Fast as hell, great armament - would you rather zip on the deck at 400 mph and avoid getting hit or be up in this 4 engine bomber just waiting for an 88 to incinerate you, or have a butcher bird cut you in two like a chain saw?!?


----------



## Gnomey (Sep 7, 2005)

Mossie, fast, agile and very adaptable with a good chance you would survive as well.


----------



## DerAdlerIstGelandet (Sep 7, 2005)

I went for the Lancaster (yes Lanc you read this right!) The reason I went for the Lanc and not the Mossie is because when I think of bombers I dont think of the Mossie. Now before one of you guys goes ranting off about how the Mossie was a bomber, I know it was a bomber. But when I think of bombers I think of the Heavies like the Lancaster, B-17, and B-24. So for that reason of the Bomber Command Bombers I go for the Lancaster.


----------



## the lancaster kicks ass (Sep 7, 2005)

good man!


----------



## DerAdlerIstGelandet (Sep 7, 2005)

I knew you would like that.


----------



## evangilder (Sep 7, 2005)

Makes sense, Adler. If given a choice today which I would prefer to fly if given that chance, I would still take the Mosquito. I have always loved that airplane. I like the Lanc too, but not as much as the Mossie.


----------



## DerAdlerIstGelandet (Sep 7, 2005)

I believe the Mossie was a great plane!


----------



## evangilder (Sep 7, 2005)

I don't think anyone could argue that it wasn't, that's for sure.


----------



## DerAdlerIstGelandet (Sep 7, 2005)

Very true.


----------



## carpenoctem1689 (Nov 18, 2005)

Haha, my vote would be for the Mosquito, depending on the time of the conflict in which were discussing. After 1944 i would rather fly stirlings in the glider/target tug role, avoiding combat when possible, but any time before then it would have to be the mossie. Dont mean to sound like a coward, but if i had a family to go home to, i would be thinking more about seeing them again, instead of bombing the germans.


----------



## Erich (Nov 18, 2005)

agreed, Mossie XXX nf with 100th group no questions asked. don't get me up in one of those Lancs or Halibag death machines when German nf's are about


----------



## trackend (Nov 19, 2005)

Somehow I think this vote will be just a little wieghted in the Mossies favour. I would want to be able to crank up those merlins and head for the hills if things got a bit too hot all the other listed aircraft are relitive sitting ducks to enemy fighter attack by comparison.


----------



## the lancaster kicks ass (Nov 19, 2005)

i'd still take the lanc for a few milk runs, i wouldn't be the pilot though........


----------



## cheddar cheese (Nov 19, 2005)

The Stirling. And its beating the Lancaster.
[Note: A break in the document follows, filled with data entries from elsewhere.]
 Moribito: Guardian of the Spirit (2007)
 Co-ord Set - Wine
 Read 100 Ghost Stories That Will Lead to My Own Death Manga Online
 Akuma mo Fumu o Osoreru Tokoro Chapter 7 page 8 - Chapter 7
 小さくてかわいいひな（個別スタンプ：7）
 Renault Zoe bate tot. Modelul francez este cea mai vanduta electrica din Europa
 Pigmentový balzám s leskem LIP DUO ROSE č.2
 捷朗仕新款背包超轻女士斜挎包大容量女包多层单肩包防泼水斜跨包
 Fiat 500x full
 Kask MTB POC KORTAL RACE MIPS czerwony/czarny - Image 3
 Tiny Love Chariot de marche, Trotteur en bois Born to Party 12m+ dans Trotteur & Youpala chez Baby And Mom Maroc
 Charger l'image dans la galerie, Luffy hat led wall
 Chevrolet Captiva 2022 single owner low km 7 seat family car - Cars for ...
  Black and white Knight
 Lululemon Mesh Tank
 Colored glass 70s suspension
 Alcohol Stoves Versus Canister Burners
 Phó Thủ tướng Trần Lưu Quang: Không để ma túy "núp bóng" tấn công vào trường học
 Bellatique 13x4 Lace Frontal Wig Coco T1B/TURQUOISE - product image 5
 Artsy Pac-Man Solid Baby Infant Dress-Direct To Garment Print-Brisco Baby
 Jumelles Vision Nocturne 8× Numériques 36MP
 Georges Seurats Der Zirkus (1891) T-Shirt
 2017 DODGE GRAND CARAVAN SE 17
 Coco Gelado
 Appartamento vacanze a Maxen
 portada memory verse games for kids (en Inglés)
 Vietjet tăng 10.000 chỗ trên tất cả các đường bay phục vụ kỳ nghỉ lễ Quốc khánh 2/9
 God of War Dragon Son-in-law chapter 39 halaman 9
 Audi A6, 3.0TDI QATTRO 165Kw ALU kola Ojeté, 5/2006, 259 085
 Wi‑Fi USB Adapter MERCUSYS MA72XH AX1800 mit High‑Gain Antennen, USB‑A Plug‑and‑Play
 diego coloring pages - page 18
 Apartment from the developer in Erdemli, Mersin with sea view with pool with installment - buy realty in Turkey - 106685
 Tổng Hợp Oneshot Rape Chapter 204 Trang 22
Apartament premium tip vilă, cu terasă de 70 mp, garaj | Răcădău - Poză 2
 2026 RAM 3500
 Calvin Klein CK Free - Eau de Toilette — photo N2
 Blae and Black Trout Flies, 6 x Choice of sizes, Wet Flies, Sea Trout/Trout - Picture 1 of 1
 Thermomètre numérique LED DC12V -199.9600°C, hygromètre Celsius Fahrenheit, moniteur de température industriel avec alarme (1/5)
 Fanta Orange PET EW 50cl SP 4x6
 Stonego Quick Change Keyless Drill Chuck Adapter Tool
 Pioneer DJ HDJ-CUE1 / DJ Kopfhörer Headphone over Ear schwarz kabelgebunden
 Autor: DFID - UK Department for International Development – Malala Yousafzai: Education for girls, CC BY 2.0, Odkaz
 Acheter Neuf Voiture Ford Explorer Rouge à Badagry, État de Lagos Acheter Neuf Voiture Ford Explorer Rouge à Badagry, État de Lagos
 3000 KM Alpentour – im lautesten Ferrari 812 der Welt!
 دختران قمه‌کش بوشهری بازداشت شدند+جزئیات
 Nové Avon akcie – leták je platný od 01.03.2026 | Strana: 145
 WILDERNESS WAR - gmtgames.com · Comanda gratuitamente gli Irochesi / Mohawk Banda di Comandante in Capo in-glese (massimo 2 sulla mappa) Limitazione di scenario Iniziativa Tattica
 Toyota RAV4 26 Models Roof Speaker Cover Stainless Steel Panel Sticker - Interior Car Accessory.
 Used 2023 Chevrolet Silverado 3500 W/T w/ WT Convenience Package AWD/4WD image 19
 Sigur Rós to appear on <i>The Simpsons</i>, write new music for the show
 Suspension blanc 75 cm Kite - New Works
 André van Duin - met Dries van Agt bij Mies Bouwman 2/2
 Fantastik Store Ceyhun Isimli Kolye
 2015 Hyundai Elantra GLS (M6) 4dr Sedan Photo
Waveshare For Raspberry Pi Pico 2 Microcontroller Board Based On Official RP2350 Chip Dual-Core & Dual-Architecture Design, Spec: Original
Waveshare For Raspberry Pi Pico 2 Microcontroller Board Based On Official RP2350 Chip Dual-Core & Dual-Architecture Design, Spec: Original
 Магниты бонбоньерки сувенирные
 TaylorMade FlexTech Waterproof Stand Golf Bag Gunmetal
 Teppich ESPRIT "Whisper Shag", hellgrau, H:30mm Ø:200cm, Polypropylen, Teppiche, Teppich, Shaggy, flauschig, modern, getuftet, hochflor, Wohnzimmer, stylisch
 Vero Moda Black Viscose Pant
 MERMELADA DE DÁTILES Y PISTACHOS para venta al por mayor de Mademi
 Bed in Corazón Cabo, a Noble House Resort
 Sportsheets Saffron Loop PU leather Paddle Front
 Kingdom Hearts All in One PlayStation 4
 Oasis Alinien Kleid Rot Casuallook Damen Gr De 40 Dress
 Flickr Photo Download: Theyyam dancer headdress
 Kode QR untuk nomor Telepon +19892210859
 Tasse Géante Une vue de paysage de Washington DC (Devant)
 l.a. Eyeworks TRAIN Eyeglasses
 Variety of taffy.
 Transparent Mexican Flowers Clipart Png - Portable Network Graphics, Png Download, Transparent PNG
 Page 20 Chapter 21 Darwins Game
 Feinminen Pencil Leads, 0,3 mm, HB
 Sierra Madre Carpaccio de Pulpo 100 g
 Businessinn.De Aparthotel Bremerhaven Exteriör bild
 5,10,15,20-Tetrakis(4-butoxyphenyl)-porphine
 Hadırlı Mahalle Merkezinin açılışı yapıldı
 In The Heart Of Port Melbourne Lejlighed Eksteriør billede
Yay! 8)


----------



## DerAdlerIstGelandet (Nov 20, 2005)

Of the aircraft up there the Mossie is deffinatly the best of the bunch, however I would take one of the big heavies. Theres just something glamourous about it, even though it is a death trap.


----------



## the lancaster kicks ass (Nov 20, 2005)

and you'd get to act like a pompus crew member with a large soup strainer bossing everyone around, oh, no, wait 

and i haven't actually voted in this poll either..........


----------



## DerAdlerIstGelandet (Nov 20, 2005)

the lancaster kicks ass said:


> and you'd get to act like a pompus crew member with a large soup strainer bossing everyone aroond



I already do that anyhow....

Just kidding!


----------



## mosquitoman (Nov 21, 2005)

Guess my choice
2nd choice would be the Whitley, I don't know why but I've always liked it's looks.
If I wanted to get myself killed though, I'd jump into a Battle


----------



## pbfoot (Nov 21, 2005)

DerAdlerIstGelandet said:


> Of the aircraft up there the Mossie is deffinatly the best of the bunch, however I would take one of the big heavies. Theres just something glamourous about it, even though it is a death trap.


the mossie for sure its small and agile the others were a little to much like bulleyes and i am a confirmed coward


----------



## DerAdlerIstGelandet (Nov 23, 2005)

Like I said I would take the heavies, just for the glamour of the whole Bomber Command thingie.


----------



## mosquitoman (Nov 23, 2005)

I'm amazed no-one's gone for the Whitley, it was better than the Hampden and Wellington IMO


----------



## JCS (Nov 23, 2005)

I cant remember If I voted in this poll or not, but I'd go with the Mossie. Runners up would be the Whitley and the Wellington.


----------



## the lancaster kicks ass (Nov 26, 2005)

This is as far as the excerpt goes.